Ese período se caracteriza por dos fracasos simultáneos y, posiblemente, entrelazados: el de no poder consolidar una sociedad educada, integrada, igualitaria, con movilidad social ascendente e instituciones políticas, sólidas y respetadas; y el de no generar una economía con un crecimiento sostenido, regionalmente armónica e inclusiva.
La “prueba ácida” de este fracaso es, desde la economía, la pérdida de posiciones relativas en el mapa mundial y latinoamericano y la existencia de un porcentaje importante de la población con poca esperanza de futuro; y desde la política, la “exagerada” utilización de mecanismos de protesta directa, al margen de las normas de convivencia social, y el desprecio al marco republicano que presentan hoy, tanto el oficialismo como muchas organizaciones políticas y sociales.

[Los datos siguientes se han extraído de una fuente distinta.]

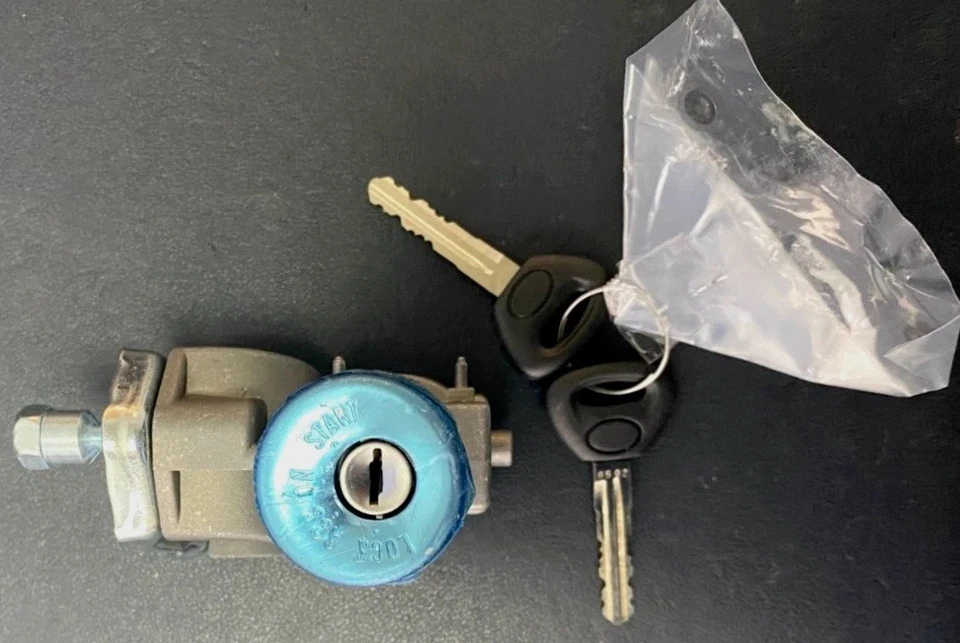 US289L NUEVO Cilindro de Bloqueo de Encendido Motor Estándar Productos Hecho en EE. UU. Foto 1 de 4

Lo arriba descripto dibuja, casi de manera automática, la agenda, no sé si de los próximos cien años, pero al menos de los inmediatos diez.
Por un lado, la política y la sociedad, en sentido amplio, tienen la obligación de recomponer un marco institucional democrático y republicano, que no sólo restituya la “normalidad” constitucional y legal, hoy totalmente desvirtuada, sino que, además, incorpore las nuevas realidades del siglo XXI, que contemple el peso de la opinión pública y publicada en el proceso moderno de toma de decisiones de política.

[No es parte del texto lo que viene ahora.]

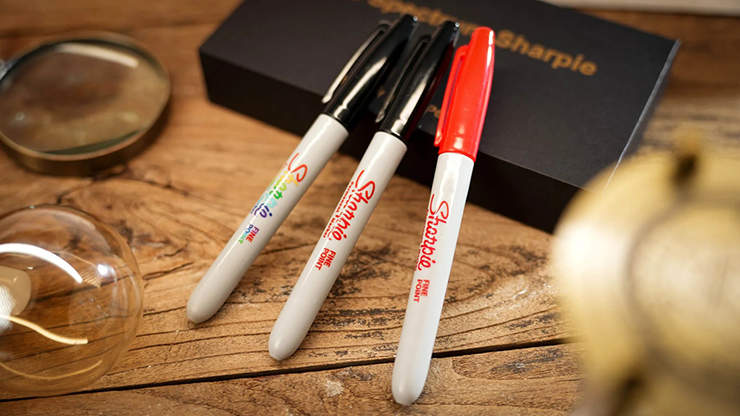 Spectrum Sharpie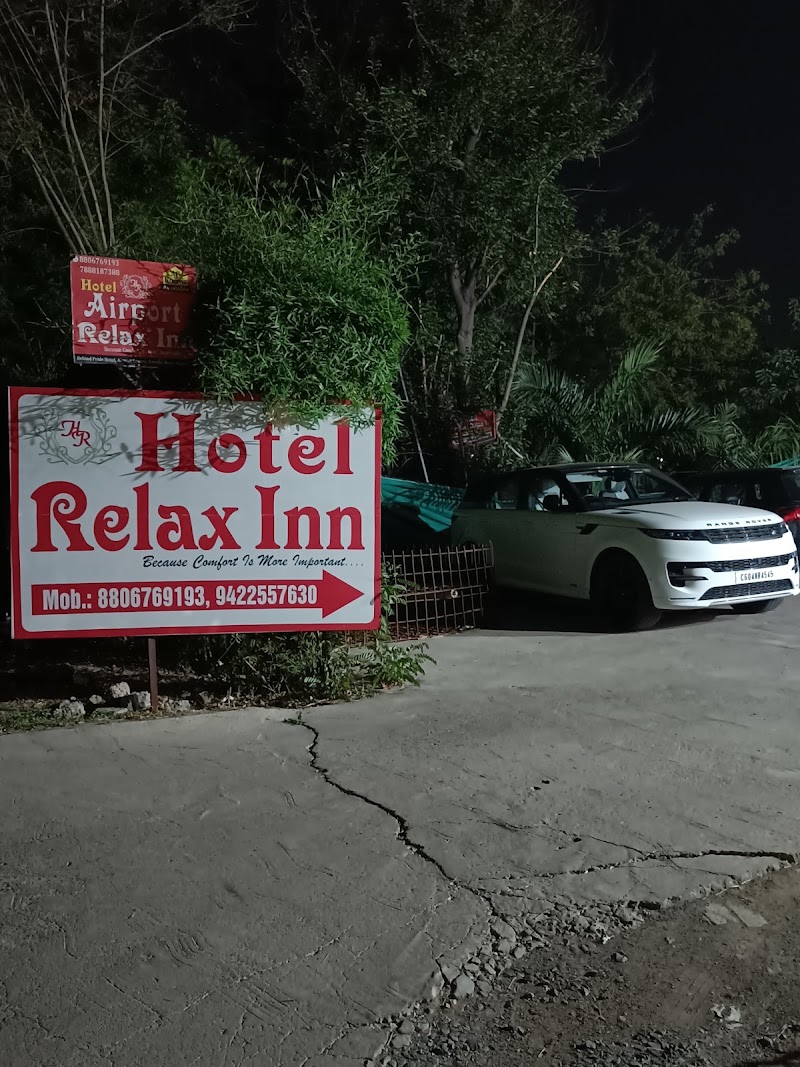 Hotel Relax Inn - Hotel Relax Inn Airport Square,Beside Hotel Pride and, DABO Pub, Yogeshema society, Wardha Rd, near Dr. Ambedkar International Airport 25, New Manish Nagar, Somalwada, Nagpur, Maharashtra 440025, India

Los próceres del primer centenario no tenían que lidiar ni con el voto popular ni con Internet, y las redes sociales, ni con las encuestas ni con los movileros en las puertas de sus casas.

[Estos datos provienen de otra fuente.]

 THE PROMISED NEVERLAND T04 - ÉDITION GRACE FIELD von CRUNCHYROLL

Sus decisiones se tomaban “entre cuatro paredes”. Se explicaban a algunos y al resto se le imponía. La nueva institucionalidad que la Argentina necesita, a mi modesto juicio, es algo más que reponer la destruida y olvidada en estos años. Requiere adaptación, innovación e imaginación.
Obviamente, esa nueva institucionalidad obliga, asimismo, para ser eficiente y progresista, en el buen sentido de la palabra, a repetir la epopeya educadora de la Argentina exitosa, cerrando la brecha educativa, que incluye la digital, como una parte, no como un todo.
Exige regenerar una Universidad de calidad, meritocrática y abierta a la discusión de las ideas. Y crear un colegio secundario que deje de ser un aguantadero de jóvenes desganados, para atraerlos hacia el deslumbramiento del conocer y el saber. Sin elevar el nivel educativo en forma integral, no sólo no hay igualdad de oportunidades, sino que fallan, por cierto, los modernos mecanismos de la democracia participativa y directa.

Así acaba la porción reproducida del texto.